Stored dataset items
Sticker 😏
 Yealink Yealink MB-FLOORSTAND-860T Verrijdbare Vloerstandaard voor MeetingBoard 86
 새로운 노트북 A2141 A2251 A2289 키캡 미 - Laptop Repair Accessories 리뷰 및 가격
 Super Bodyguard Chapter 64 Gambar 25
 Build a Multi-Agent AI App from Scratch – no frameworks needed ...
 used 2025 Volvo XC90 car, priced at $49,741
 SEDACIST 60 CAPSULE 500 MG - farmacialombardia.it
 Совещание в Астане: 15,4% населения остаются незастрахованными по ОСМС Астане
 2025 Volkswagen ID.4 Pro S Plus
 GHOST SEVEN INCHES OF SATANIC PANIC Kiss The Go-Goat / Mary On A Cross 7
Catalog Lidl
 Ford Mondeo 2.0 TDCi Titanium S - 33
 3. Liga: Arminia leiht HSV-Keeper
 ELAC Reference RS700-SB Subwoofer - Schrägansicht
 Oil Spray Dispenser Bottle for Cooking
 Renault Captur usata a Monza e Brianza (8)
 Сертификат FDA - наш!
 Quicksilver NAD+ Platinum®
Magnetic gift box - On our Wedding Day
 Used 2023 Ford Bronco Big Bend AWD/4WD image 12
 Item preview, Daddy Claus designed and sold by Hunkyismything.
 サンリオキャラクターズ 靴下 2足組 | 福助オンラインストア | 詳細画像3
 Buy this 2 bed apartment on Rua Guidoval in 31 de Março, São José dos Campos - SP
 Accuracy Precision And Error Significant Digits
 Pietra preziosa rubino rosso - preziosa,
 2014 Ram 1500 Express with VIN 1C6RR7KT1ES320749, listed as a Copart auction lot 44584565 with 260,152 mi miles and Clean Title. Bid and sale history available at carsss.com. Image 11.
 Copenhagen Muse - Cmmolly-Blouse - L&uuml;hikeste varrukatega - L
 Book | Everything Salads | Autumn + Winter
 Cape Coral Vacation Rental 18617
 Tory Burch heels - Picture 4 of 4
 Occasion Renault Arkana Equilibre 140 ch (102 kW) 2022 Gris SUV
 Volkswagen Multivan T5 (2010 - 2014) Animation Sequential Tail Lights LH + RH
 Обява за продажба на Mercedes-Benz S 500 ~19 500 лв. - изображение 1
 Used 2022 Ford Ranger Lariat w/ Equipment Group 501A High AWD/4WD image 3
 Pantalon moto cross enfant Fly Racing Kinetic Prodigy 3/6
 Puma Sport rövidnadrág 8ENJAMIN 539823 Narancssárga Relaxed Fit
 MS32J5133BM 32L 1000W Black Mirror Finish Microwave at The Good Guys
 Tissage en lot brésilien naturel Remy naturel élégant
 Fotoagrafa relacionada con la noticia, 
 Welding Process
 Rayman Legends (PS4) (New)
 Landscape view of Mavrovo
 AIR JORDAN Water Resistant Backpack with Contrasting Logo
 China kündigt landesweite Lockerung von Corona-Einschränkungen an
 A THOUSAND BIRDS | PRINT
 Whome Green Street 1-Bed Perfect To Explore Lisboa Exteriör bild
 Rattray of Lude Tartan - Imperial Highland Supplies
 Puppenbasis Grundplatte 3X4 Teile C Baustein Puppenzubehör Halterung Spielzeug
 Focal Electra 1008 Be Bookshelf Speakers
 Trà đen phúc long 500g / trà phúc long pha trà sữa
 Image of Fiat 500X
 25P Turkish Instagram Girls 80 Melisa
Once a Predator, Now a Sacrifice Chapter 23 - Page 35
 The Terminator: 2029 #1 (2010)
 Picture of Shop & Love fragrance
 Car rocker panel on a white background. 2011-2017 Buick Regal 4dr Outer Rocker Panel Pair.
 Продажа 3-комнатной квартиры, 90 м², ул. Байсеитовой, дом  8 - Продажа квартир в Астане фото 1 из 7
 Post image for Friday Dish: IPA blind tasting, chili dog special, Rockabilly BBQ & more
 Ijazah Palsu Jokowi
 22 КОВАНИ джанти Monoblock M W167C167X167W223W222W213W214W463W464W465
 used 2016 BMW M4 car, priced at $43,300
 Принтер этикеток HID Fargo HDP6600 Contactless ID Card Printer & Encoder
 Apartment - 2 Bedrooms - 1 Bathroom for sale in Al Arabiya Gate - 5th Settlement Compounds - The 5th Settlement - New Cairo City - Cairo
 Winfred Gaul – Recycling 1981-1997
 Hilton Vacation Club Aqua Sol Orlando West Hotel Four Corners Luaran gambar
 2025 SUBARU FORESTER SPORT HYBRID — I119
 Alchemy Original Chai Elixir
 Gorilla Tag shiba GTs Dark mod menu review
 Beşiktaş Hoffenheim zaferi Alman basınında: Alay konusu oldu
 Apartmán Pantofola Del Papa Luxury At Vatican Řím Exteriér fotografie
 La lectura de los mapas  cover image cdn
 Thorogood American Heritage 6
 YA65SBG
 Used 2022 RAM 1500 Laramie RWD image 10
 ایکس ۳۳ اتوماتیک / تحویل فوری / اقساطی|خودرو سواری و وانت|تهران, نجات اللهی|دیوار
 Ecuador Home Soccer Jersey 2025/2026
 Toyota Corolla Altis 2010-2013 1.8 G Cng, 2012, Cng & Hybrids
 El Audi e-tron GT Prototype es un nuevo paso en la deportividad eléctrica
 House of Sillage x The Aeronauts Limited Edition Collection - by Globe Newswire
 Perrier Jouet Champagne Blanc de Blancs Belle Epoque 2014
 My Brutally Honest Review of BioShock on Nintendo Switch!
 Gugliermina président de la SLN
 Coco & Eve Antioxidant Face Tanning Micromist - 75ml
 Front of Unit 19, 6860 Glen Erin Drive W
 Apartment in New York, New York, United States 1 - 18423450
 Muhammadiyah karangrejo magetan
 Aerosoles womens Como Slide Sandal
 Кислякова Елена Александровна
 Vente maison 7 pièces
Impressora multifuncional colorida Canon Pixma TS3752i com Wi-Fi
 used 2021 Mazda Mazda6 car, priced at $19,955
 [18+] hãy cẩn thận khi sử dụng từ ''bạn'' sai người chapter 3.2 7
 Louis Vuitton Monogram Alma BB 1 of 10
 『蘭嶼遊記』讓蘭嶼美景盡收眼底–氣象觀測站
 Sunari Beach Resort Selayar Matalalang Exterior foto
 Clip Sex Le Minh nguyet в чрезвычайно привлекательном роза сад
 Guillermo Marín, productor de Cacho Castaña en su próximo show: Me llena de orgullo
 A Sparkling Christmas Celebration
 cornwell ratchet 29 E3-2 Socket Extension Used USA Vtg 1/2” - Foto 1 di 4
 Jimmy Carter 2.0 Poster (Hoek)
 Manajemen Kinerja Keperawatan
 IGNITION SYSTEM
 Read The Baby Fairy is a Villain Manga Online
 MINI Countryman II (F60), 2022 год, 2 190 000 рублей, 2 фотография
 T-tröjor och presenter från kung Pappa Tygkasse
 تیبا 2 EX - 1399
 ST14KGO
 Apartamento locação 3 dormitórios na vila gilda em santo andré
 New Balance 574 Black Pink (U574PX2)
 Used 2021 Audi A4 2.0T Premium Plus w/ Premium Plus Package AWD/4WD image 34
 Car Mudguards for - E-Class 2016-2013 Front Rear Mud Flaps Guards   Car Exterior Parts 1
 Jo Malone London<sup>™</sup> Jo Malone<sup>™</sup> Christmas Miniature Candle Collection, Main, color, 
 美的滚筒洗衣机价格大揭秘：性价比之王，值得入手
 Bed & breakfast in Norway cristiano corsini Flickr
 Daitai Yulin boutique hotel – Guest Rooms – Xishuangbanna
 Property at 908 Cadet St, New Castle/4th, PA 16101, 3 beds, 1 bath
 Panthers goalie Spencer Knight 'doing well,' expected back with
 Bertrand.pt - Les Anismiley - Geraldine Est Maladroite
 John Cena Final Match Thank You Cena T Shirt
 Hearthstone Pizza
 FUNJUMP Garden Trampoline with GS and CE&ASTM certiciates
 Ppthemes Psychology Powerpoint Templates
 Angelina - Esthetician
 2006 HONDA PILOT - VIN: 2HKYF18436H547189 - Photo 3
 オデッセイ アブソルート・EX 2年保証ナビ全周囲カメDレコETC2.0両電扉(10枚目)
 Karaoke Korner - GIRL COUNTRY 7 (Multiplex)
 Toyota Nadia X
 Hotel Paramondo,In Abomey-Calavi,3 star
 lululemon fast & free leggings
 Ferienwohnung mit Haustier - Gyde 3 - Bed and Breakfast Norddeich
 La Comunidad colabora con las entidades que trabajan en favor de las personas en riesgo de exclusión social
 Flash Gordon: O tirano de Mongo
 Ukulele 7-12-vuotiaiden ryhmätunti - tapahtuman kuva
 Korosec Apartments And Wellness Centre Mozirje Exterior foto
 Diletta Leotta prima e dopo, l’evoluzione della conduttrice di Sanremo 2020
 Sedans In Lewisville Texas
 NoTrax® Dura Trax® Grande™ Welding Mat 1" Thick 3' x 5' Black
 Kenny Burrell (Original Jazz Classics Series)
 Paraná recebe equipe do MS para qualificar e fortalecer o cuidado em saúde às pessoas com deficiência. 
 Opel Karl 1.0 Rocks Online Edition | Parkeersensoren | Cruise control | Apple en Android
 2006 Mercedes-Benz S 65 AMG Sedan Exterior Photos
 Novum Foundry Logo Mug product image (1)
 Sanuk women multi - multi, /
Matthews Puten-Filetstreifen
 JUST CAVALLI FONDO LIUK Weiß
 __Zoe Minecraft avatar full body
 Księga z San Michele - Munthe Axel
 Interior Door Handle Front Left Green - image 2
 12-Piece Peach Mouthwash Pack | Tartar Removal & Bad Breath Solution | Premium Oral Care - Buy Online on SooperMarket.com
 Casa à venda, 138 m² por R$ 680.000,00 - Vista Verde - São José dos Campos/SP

§ **ABOUT THIS EXERCISE**: From the entries above, extract every line where the word "Audi" appears.

§ **ANSWER TO THIS PROBLEM**:
 El Audi e-tron GT Prototype es un nuevo paso en la deportividad eléctrica
 Used 2021 Audi A4 2.0T Premium Plus w/ Premium Plus Package AWD/4WD image 34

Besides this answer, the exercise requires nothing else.